In addition, what is necessary is just to set the value of a specific frequency and the determination range suitably. However, the specific frequency is preferably determined in consideration of the sampling period. For example, when sampling is performed once per second (1 Hz), the value of the specific frequency (5 Hz) includes an error in the range of ± 1 Hz, so an appropriate value in the range of 4 to 6 Hz is set. Alternatively, it is conceivable that the maximum value of the power spectrum in the range of 4 to 6 Hz is the above Sx _power and Ax _power .

3 is a graph of a power spectrum obtained by performing FFT processing on the measurement values shown in FIG. 2. FIG. 3A shows the power spectrum of the acceleration (X axis) of the acceleration sensor 20, and FIG. ) Is shown in FIG. When there are a plurality of peaks as in the example of FIG. 3, the determination unit 32 sets a frequency (4.5 Hz in FIG. 3A) indicating the maximum peak in the power spectrum of acceleration to a specific frequency, and this 4 it may perform an abnormality determination of the inclination sensor 10 using a ratio _{Sx fpower / Ax fpower} power spectrum in .5Hz.

  When the inclination sensor 10 detects an inclination angle of two or more axes, the determination unit 32 determines an abnormality using the power spectrum of each axis as in the abnormality determination method of (1) above. May be. Further, when the inclination sensor 10 and the acceleration sensor 20 detect measurement values of two or more axes, respectively, the determination unit 32 is configured to select an arbitrary axis of the inclination sensor 10 in the same manner as the abnormality determination method (1). It is also possible to determine abnormality using the power spectrum of any axis of the acceleration sensor 20.

(3) Maximum Speed Response Comparison FIG. 4A is an explanatory diagram showing a physical model of a one-mass point attenuation system in which a structure is simplified.
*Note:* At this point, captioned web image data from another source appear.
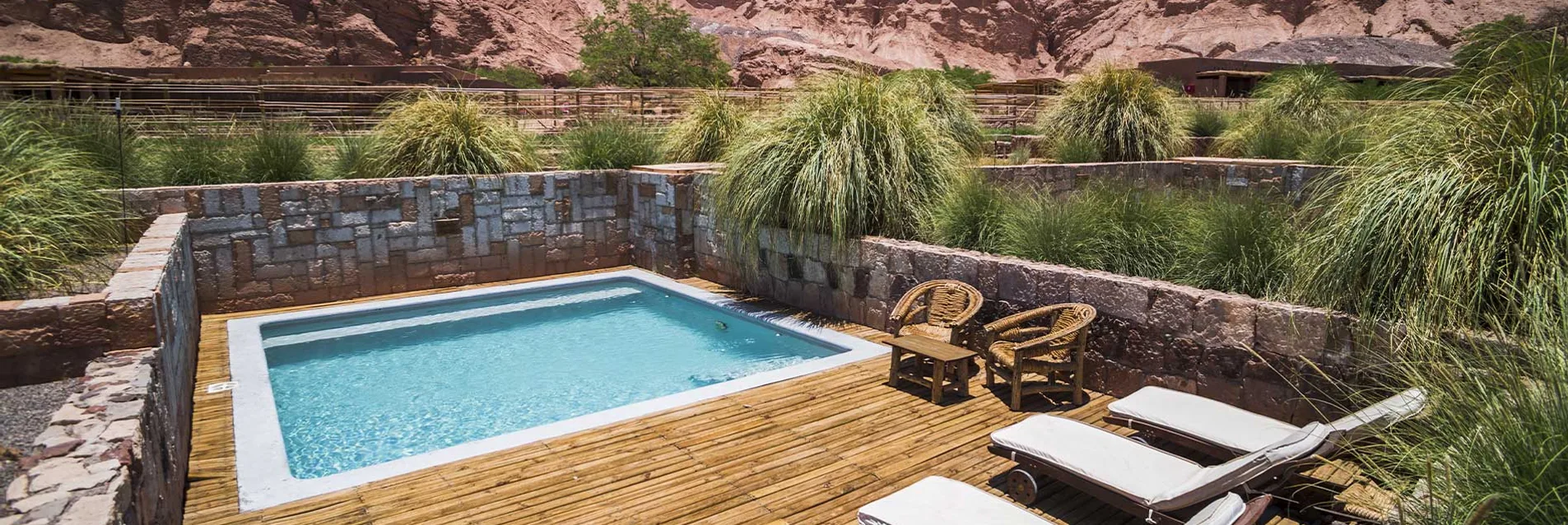 Les plus beaux hôtels avec piscine privée en Europe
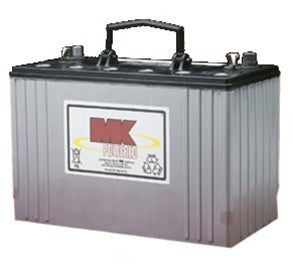 MK Battery 8A31DT-DEKA > 12 Volt 104 Amp Hour AGM Battery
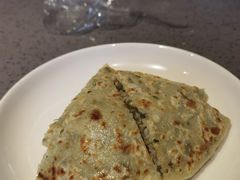 冷饭加肉麦饼-荣家小吃(紫阳街店)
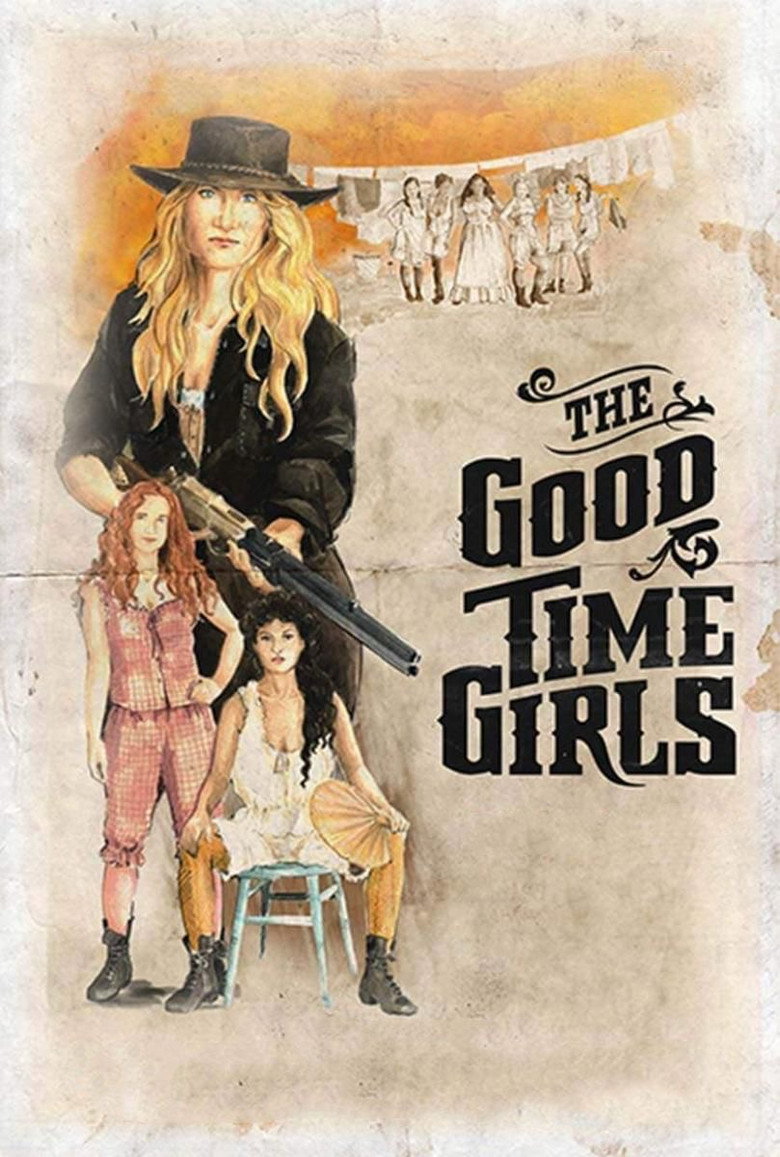 The Good Time Girls (2017) — affiche film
In the figure, the structure can be represented by a one-degree-of-freedom one-mass point damping system simulated by a weight that vibrates with a damping constant h when the direction of motion is one direction indicated by an arrow and only one natural period T. Using the physical model of the natural period T, the speed response v (t) of the natural period T with respect to the input of the ground acceleration y (t) is obtained, and the maximum value Sv of the speed response v (t) of the natural period T is obtained. Can be requested.
The maximum speed response Sv can be calculated by using a known method described in, for example, “Development of Intelligent Seismic Sensor, Furukawa et al., Save Review, Yamatake Corporation, August 1999”. Description is omitted.
An example of the ground acceleration y (t) is shown in FIG. 4B, and a graph of the speed response v (t) of the natural period T and the maximum speed response Sv with respect to this input is shown in FIG. 4C. Further, FIG. 5 shows each maximum speed response Sv when an acceleration of an input frequency f (assuming a sine wave) is input to each physical model having a natural period T (represented by frequency here) = 2, 3, 5, and 7 Hz. It is a graph which shows.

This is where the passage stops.